Das letzte ägyptische Parlament wurde sechs Monate nach Sisis Wahl im Juni 2012 vom Verfassungsgericht aufgelöst. In jener Versammlung besassen die Muslimbrüder die Mehrheit. Neue Parlamentswahlen waren ursprünglich auf Mitte 2014 versprochen worden. Die Wahlvorbereitungen zogen sich jedoch hin, deshalb wurden die Wahlen auf den 22. und 23. März dieses Jahres angesetzt. Doch jetzt müssen sie erneut verschoben werden, bis wann, ist unklar.

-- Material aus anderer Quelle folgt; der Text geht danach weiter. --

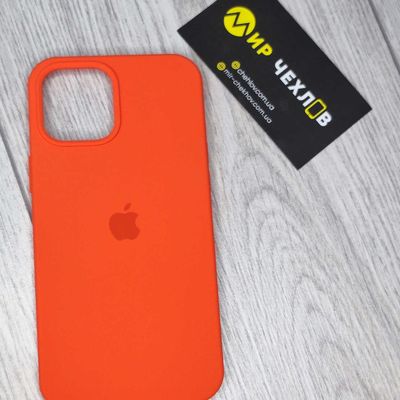 Чохол IPhone 12 Pro Max Silicone Case Full Cover orange Китай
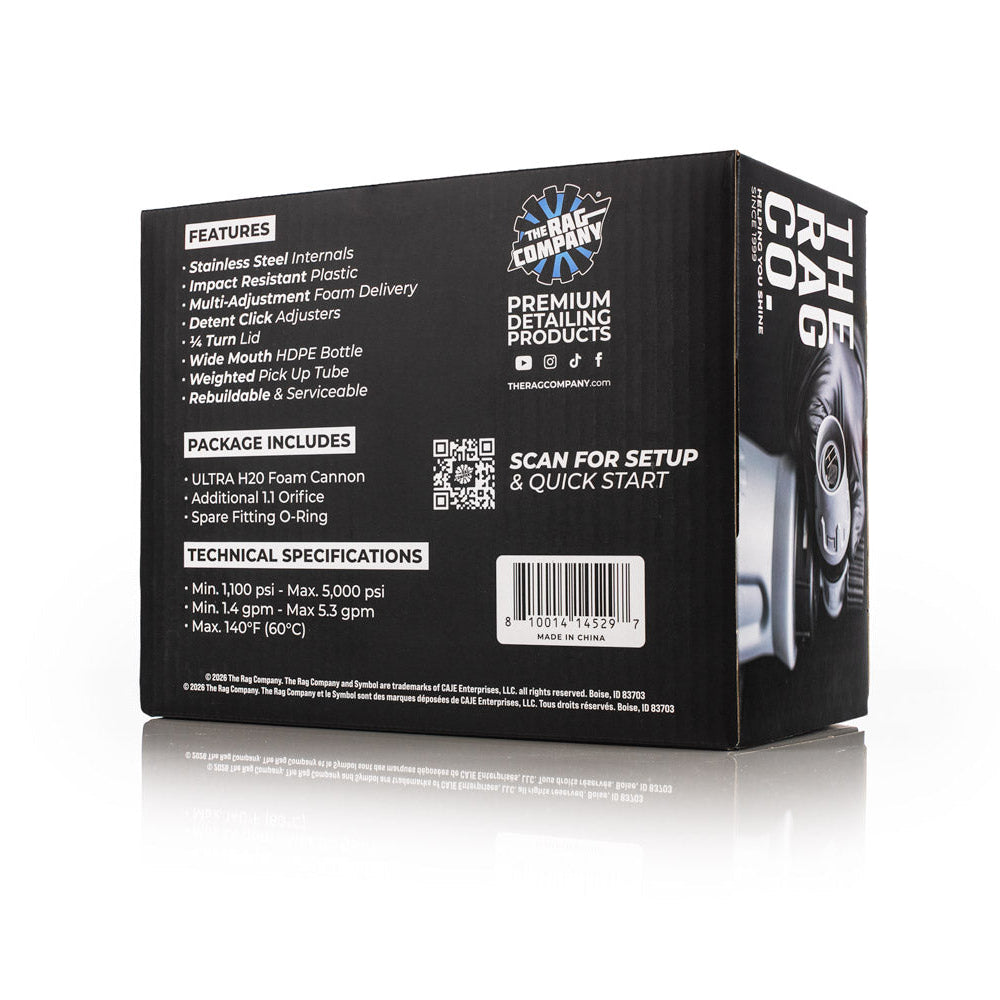 The Rag Company Ultra H20 Foam Cannon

Grund für die Verschiebung ist ein Entscheid des Verfassungsgerichts. Dieses hat die Klagen von sechs Juristen gegen das „Gesetz zur Aufteilung der Wahlkreise“ gutgeheissen und erklärt, laut diesem Gesetz würden die Wähler ungleich repräsentiert.
Veraltete Bevölkerungsstatistiken
Andere Einwände der Kläger gegen das Wahlgesetz wurden vom Gericht abgelehnt, so zum Beispiel das Gesetz für politische Rechte, das im vergangenen Jahr formuliert worden war. Das „Gesetz zur Aufteilung der Wahlkreise“ muss nun neu geschrieben werden. Es muss darauf geachtet werden, dass in allen Wahlkreisen gleich gewählt wird und Gewählten die gleiche Zahl von Stimmen erhalten müssen.
Die Sache droht kompliziert zu werden, weil die Bevölkerungsstatistiken oft veraltet sind. Sie stimmen keineswegs überall mit der wirklichen Zahl der Bewohner überein. Bei allen früheren Wahlen war mit Wählerlisten gearbeitet wurden, auf denen sich die Stimmberechtigten eintragen mussten, um wählen zu können. Zurzeit ist unklar, was mit diesen Listen geschehen soll. Werden sie weiterhin verwendet oder werden sie revidiert?
Mächtige Persönlichkeiten im Vorteil
Das vorgesehene Wahlsystem, das nun bestehen bleiben soll, ist kompliziert. Zwei Drittel der vorgesehenen gut 500 Volksvertreter sollen „Personen-Wahlen“ sein. Ein Drittel der Volksvertreter sollen aufgrund der Parteilisten gewählt werden. Jenen Listen, die am meisten Stimmen erhalten, werden alle Parteisitze des betreffenden Wahlkreises zugeteilt. Die kleineren Parteien, die Gefahr laufen, leer auszugehen, wollten auch diese Vorschrift ändern, doch das Gericht wies sie ab.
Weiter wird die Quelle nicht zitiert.